The pizza dough, based on River Cottage and Leites Culinaria recipes, may have made us BFF (baking-wise).
Even on its first outing, the pizza dough was a no-fuss kinda lass. On one afternoon, while most of Sydney lay in parks or on beaches, basking in the first properly hot, sunny day in Spring, the dough also grew sleek and full of air bubbles. The dough was a little crumbly at first (probably due to the handful of semolina I tossed into the mix), and benefitted from 5 minutes of resting at a couple of points. When the time came to punch down the dough, it had become smooth and pliable, and was ready to be divided into two white satiny lumps.
Under dinner guests’ bemused eyes, I pulled, stretched, and prodded the dough into shape. Topped with home made tomato sauce, torn basil, a pork sausages, mozzarella, my first proper pizza went into the oven for about 10 minutes on its hottest setting. I added a handful of grated pecorino cheese just before the pizza went on the table.
Second time round, I pre-heated the pizza stone for longer. The resulting pizza had a more pronounced crispy base and dark browned, sizzling spots of cheese.
It wasn’t quite that slightly-almost charred taste I love from wood fired pizza ovens, but it was definitely a crispy, thin-based pizza, and almost as good as the pizza from our local ‘cheap and cheerful’ pizzeria. Mr Gander is looking forward to more evenings of pizza at home.
Semolina pizza dough
Recipe from Leites Culinaria.
1/4 cup warm water [120°F (49°C)]
1 teaspoon sugar
1 package (2 1/2 teaspoons) active dry yeast
1 cup room-temperature water, plus more as needed
1 tablespoon olive oil, plus more for the bowl
2 cups plus 2 tablespoons fine semolina flour
1 cup plus 7 tablespoons all-purpose flour, plus more for the work surface
1 tablespoon salt
1. In a measuring cup or small bowl, stir together the warm water and the sugar. Sprinkle with the yeast and let stand until it starts to foam, about 5 minutes.
2. Add the room-temperature water and the olive oil to the foaming yeast concoction.
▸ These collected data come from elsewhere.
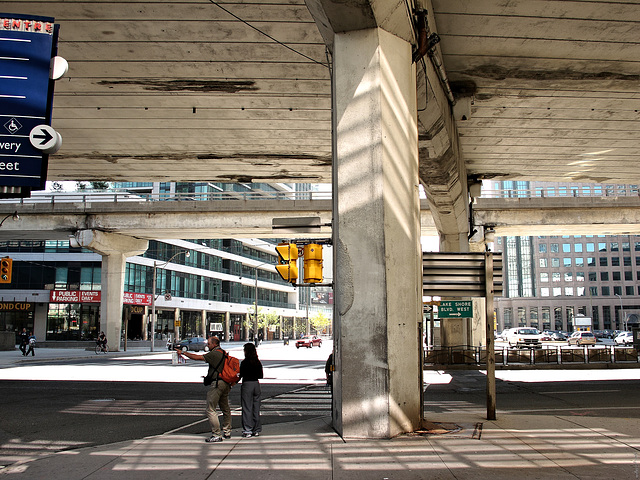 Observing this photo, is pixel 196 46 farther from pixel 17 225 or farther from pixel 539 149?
pixel 17 225

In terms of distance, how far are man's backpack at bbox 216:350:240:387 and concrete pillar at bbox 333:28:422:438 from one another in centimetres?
174

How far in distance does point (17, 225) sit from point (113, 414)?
31.1 meters

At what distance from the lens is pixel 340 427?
330 inches

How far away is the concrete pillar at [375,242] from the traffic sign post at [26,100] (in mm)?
4406

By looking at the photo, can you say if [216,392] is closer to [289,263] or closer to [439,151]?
[289,263]

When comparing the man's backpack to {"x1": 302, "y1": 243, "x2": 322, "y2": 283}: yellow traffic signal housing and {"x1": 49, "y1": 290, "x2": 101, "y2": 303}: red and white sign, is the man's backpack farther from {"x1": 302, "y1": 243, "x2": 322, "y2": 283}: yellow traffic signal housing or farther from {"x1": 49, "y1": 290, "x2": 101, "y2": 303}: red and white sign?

Set aside for a moment.
3. In a food processor, combine the semolina and all-purpose flours and the salt. With the motor running, add the yeast mixture in a steady stream and then pulse until the dough comes together in a rough mass, about 12 seconds. (If the dough does not form a ball, sprinkle with 1 to 2 teaspoons of cold water and pulse again until a rough mass forms.) Let the dough rest in the processor bowl for 5 to 10 minutes.
4. Process the dough again for 25 to 30 seconds, steadying the top of the food processor with one hand. The dough should be tacky to the touch but not sticky. Transfer the dough to a lightly floured work surface and form it into a smooth ball. Place the dough in a large oiled bowl, turn the dough to coat with oil, and cover the bowl with plastic wrap. Let the dough rise in a warm place until doubled in size and spongy, about 1 1⁄2 hours.
5. Turn the dough out onto a lightly floured work surface, gently punch it down, and shape it into a smooth cylinder. Divide the dough into 2 equal portions. Shape each portion into a smooth ball, dusting with flour only if the dough becomes sticky. Cover both balls of dough with a clean kitchen towel and let rest for 10 minutes before proceeding with your pizza recipe.